Flight Design Expands C4 Production Facilities
Global expansion and “vision” were keywords for Flight Design at Sun ’n’ Fun.
Flight Design has consolidated its German presence with a new 20,000-sq-ft headquarters in Kamenz, Germany.

German light-sport manufacturer Flight Design (Booth MD-027) updated Sun ’n’ Fun show attendees on the progress of its four-place C4 airframe, as well as announced expansion plans for manufacturing and assembly facilities in Asia and the U.S.

The company, which has delivered more than 2,000 aircraft around the world over the past 25 years, has worked with Garmin to develop its own Flight Design Garmin Vision Touch avionics for the new C4, its first four-place aircraft, expected to cost $250,000, which is currently in testing.

Garmin's Jim Alpiser, director of aviation aftermarket sales, told AIN, “[Flight Design] challenged us to design a product that would work for their aircraft.
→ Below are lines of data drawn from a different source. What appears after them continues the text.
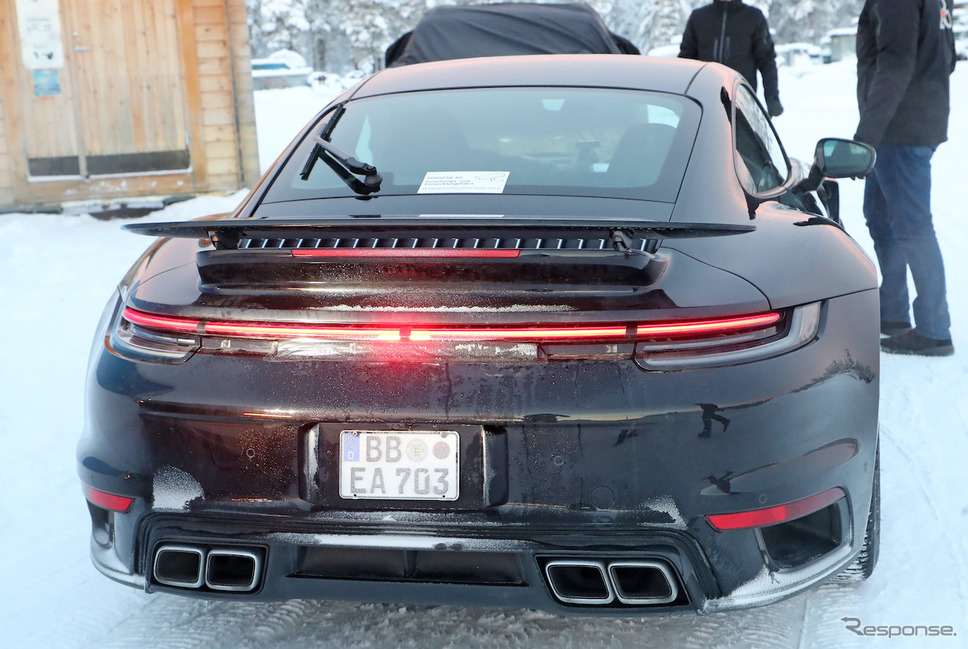 ポルシェ 911ターボ 改良新型プロトタイプ(スクープ写真)《APOLLO NEWS SERVICE》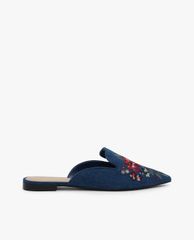 CHARLES & KEITH - Giày đế bệt nữ mũi nhọn Floral Embroidered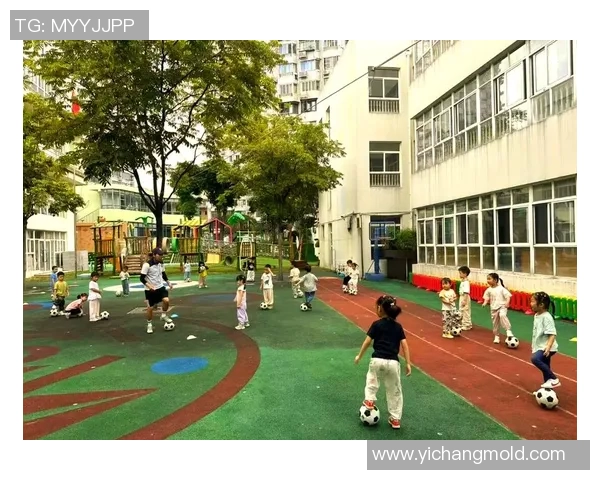 初次练足球的乐趣与挑战如何在绿茵场上收获成长与友谊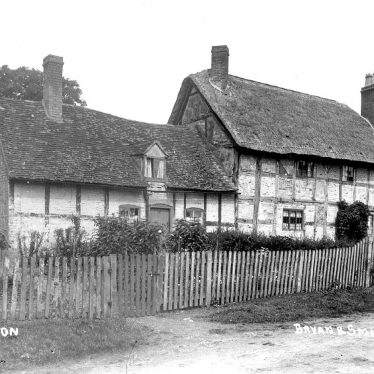 Luddington.  Cottages
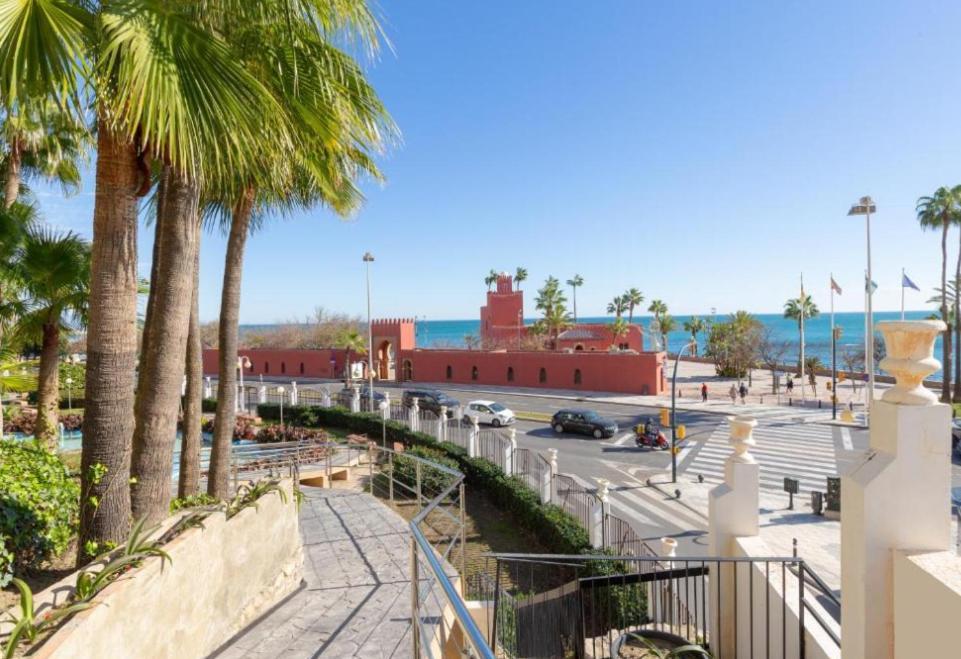 Benalbeach 1ª Línea De Playa Precio Mensuales Apartamento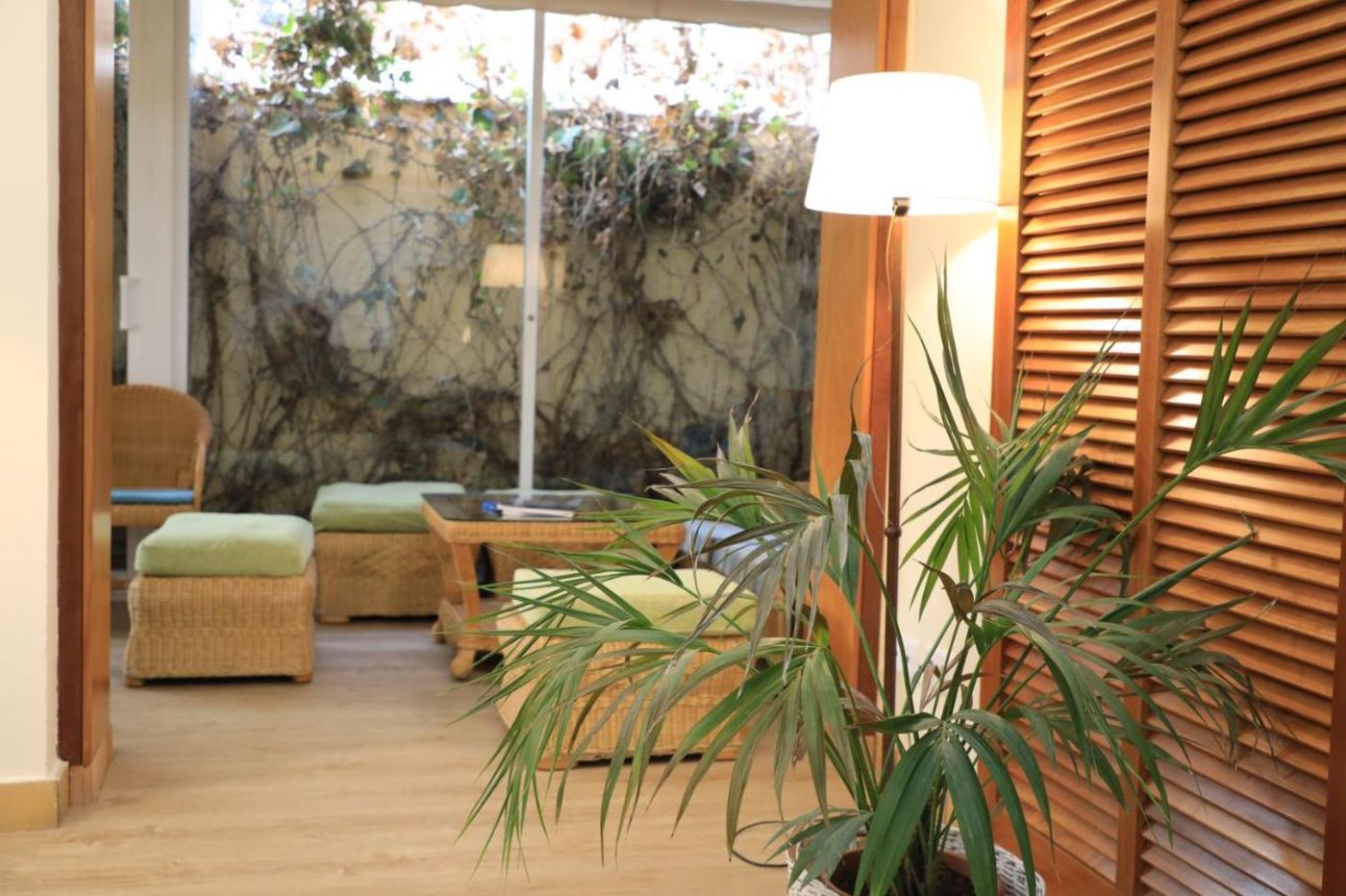 Les-Palmeres-Lobby-53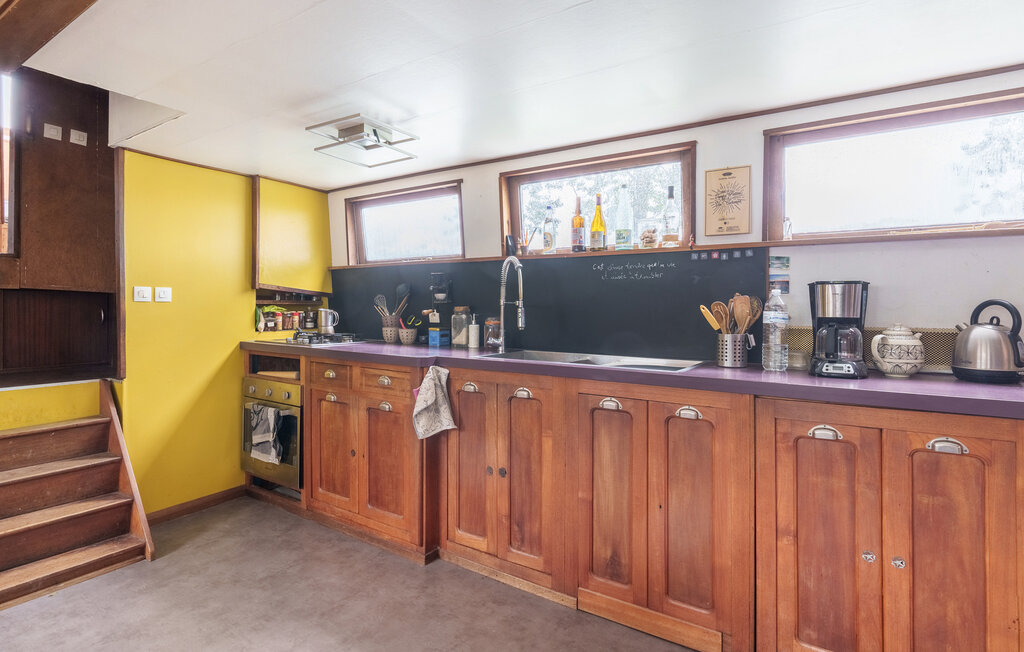 Houseboat - Canal de Bourgogne , France - FGC012 7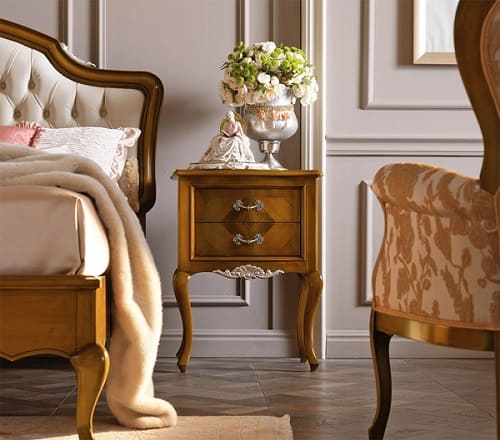 Цветы в спальне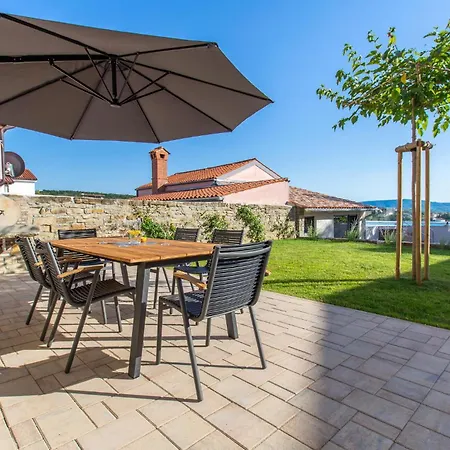 Сasa de vacaciones Beautiful In Skofije *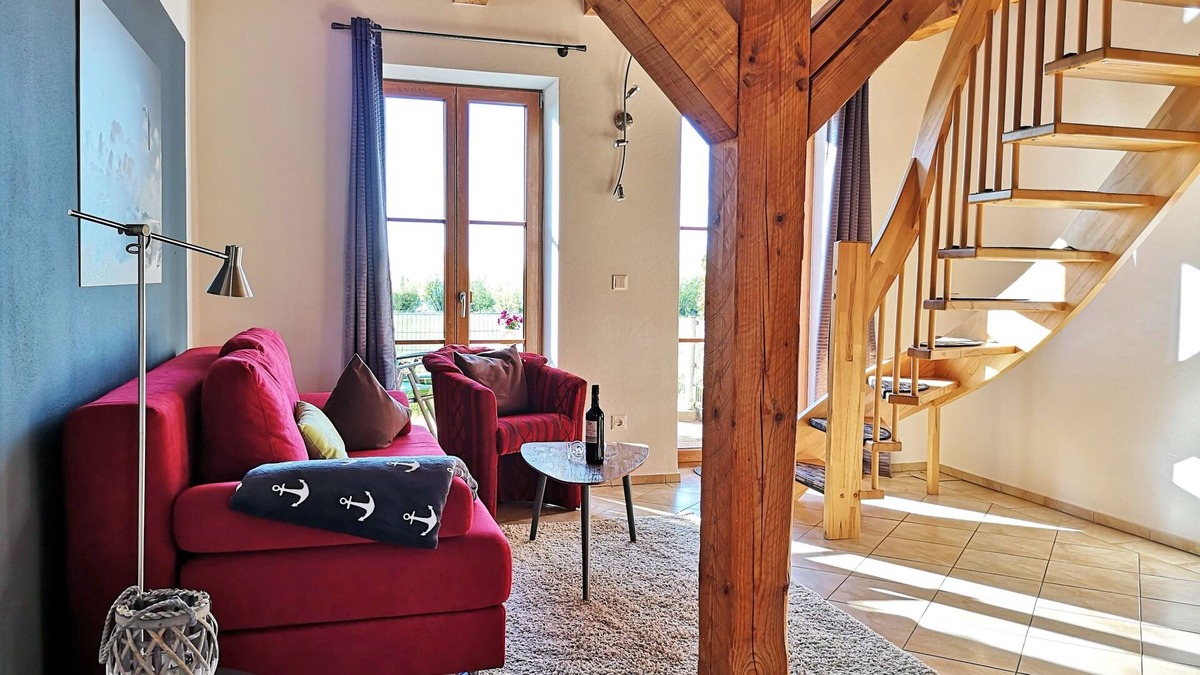 Meschendorf Apartment | Sehr Gemütliche 2-raum-wohnung mit Meerblick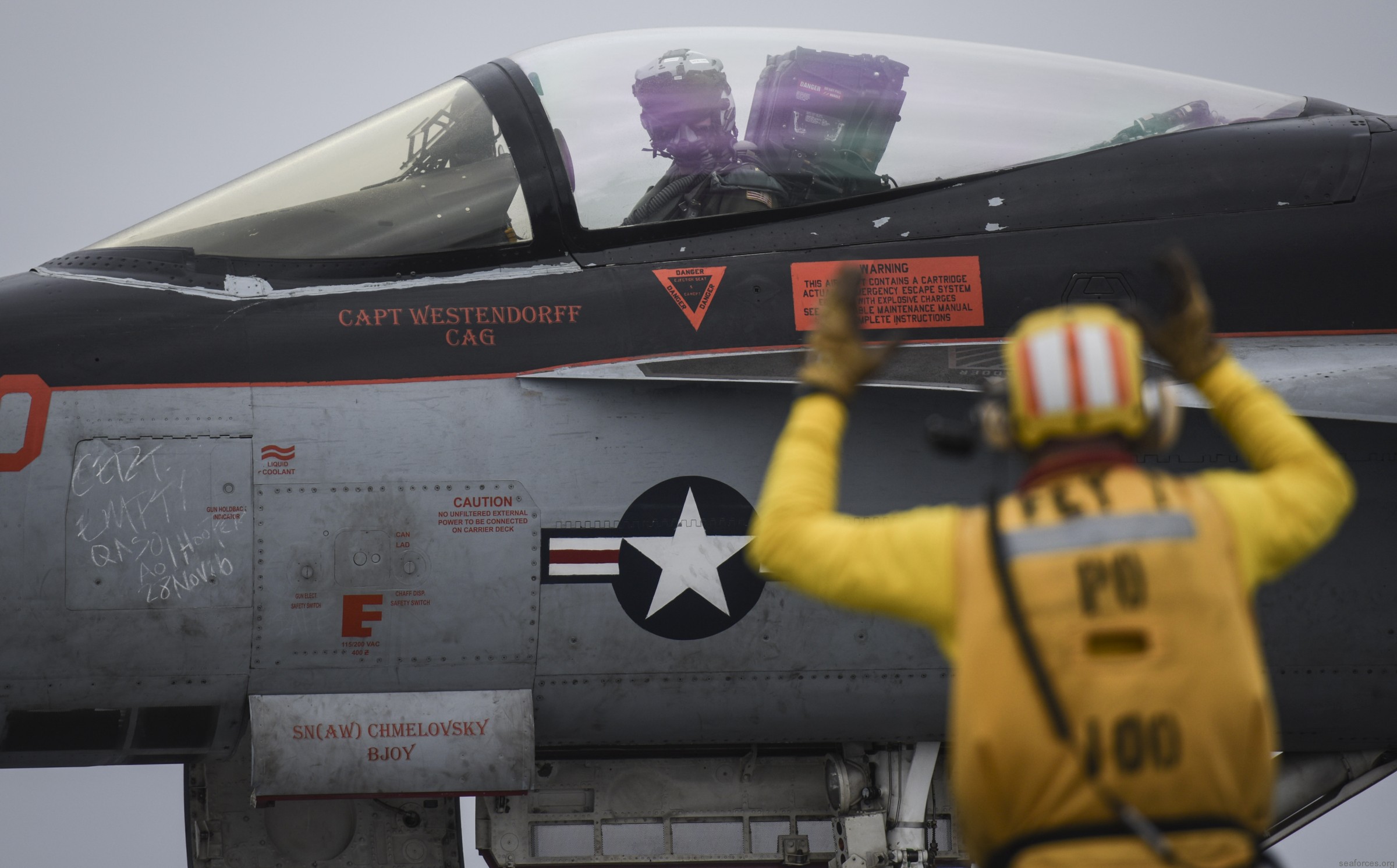 vfa-147 argonauts f/a-18e super hornet strike fighter squadron carrier air wing cvw-11 uss nimitz cvn-68  37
The Vision Touch suite is designed for this aircraft.” Based around Garmin's G3X touchscreens, the Vision Touch suite has two widescreens capable of synthetic vision, combined with a Garmin 750, Garmin GNC 255 nav/com, garmin 305 autopilot, and a Garmin 350 audio panel. The EFIS are augmented by a RC Allen solid-state attitude indicator and directional gyro. “It's an avionics suite for pilots transitioning to glass and flight school use,” said Alpiser. Questions about mixing TSO'd with non-TSO'd avionics in a Part 23 aircraft were met with assurances that EASA has already accepted the mix under the ELA proposal, and that certification shouldn't be a problem under the new Part 23 rules currently in rewrite.

In other C4 news Flight Design company director Christian Wenger noted that the C4 airframe includes a cockpit safety zone that has passed destructive testing, along with the aircraft wing, both achieving required certification standards. A parallel proof-of-concept C4 should be flying by summer.

Flight Design U.S. president Tom Peghiny updated the company's Asian production outreach, noting that it is setting up a second production line with Taiwan-based GSEO/AeroJones (a supplier to Apple and Intel), which will supply the Asian and U.S. market with aircraft. Peghiny also announced a newly formed company, Flight Design Americas, which will do the final assembly for the C4 in the U.S. “The C4 is made of 60-percent U.S. manufacturered parts, so we've secured property in Newport, Vermont, on the airport, for final assembly of the aircraft,” he said. “We plan to hire up to 100 employees in the first years of operation,” he continued.

The Vermont location is strategically close to the Montreal, Canada, port of entry for Flight Design parts that ship from Hamburg, Germany.